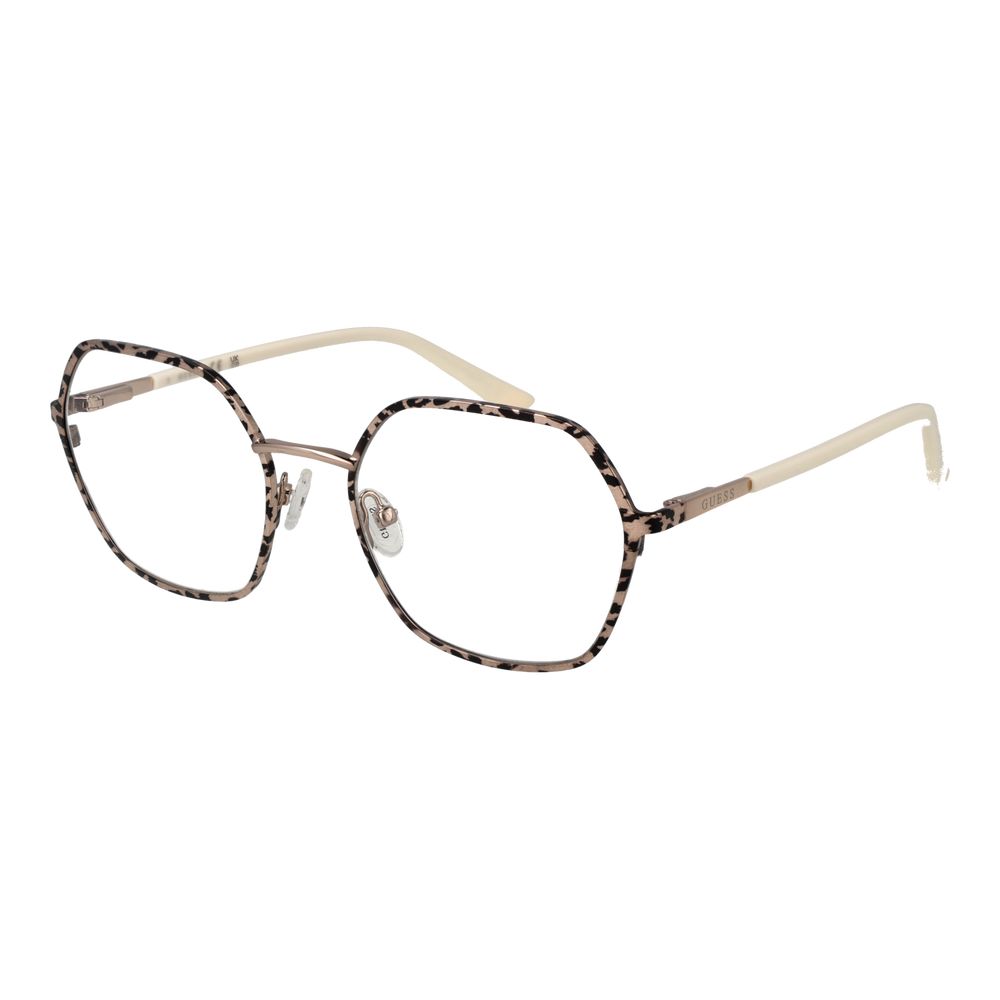 Guess Gold Damen Optische Brillenfassungen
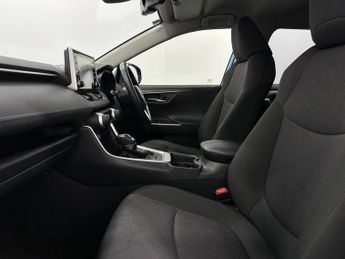 Toyota RAV4 2.5 VVT-h Design CVT Euro 6 (s/s) 5dr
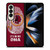 WASHINTON REDSKINS LOGO IT IS MY DNA Samsung Galaxy Z Fold 4 Case Cover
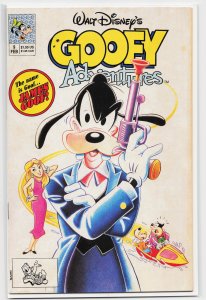 Goofy Adventures #9 (1991) Goofy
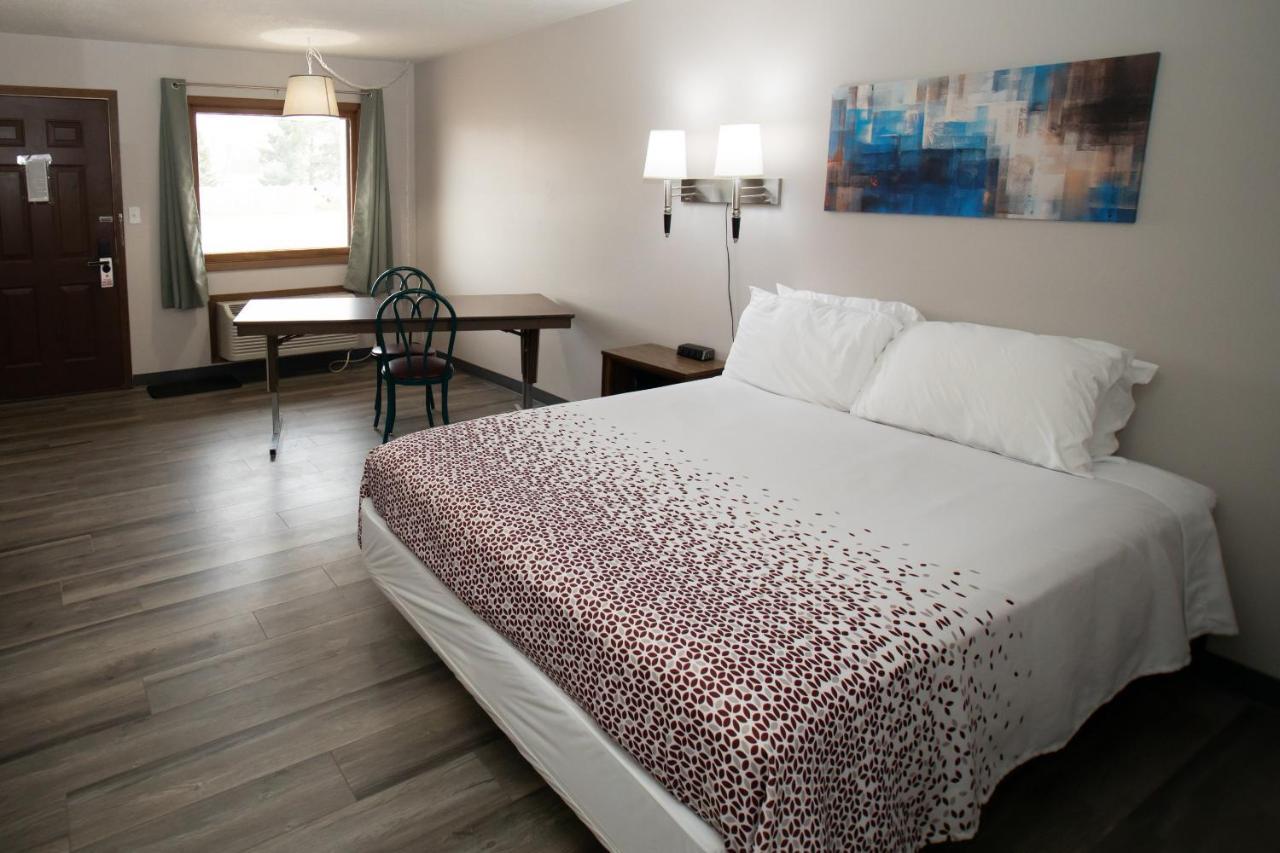 Shady Rest Motel Arapahoe Ngoại thất bức ảnh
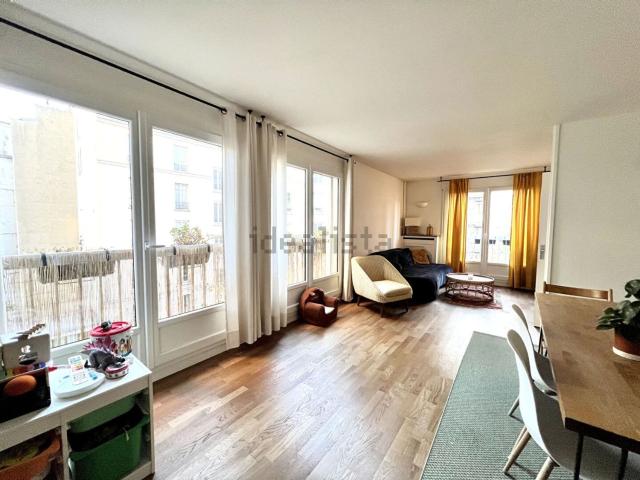 Appartement, Clignancourt Jules Joffrin, Paris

====================

The problem: Whenever you reach a picture, pass over it; print all the other material exactly.

Exercise solution:
 Guess Gold Damen Optische Brillenfassungen
 Toyota RAV4 2.5 VVT-h Design CVT Euro 6 (s/s) 5dr
 WASHINTON REDSKINS LOGO IT IS MY DNA Samsung Galaxy Z Fold 4 Case Cover
 Goofy Adventures #9 (1991) Goofy
 Shady Rest Motel Arapahoe Ngoại thất bức ảnh
 Appartement, Clignancourt Jules Joffrin, Paris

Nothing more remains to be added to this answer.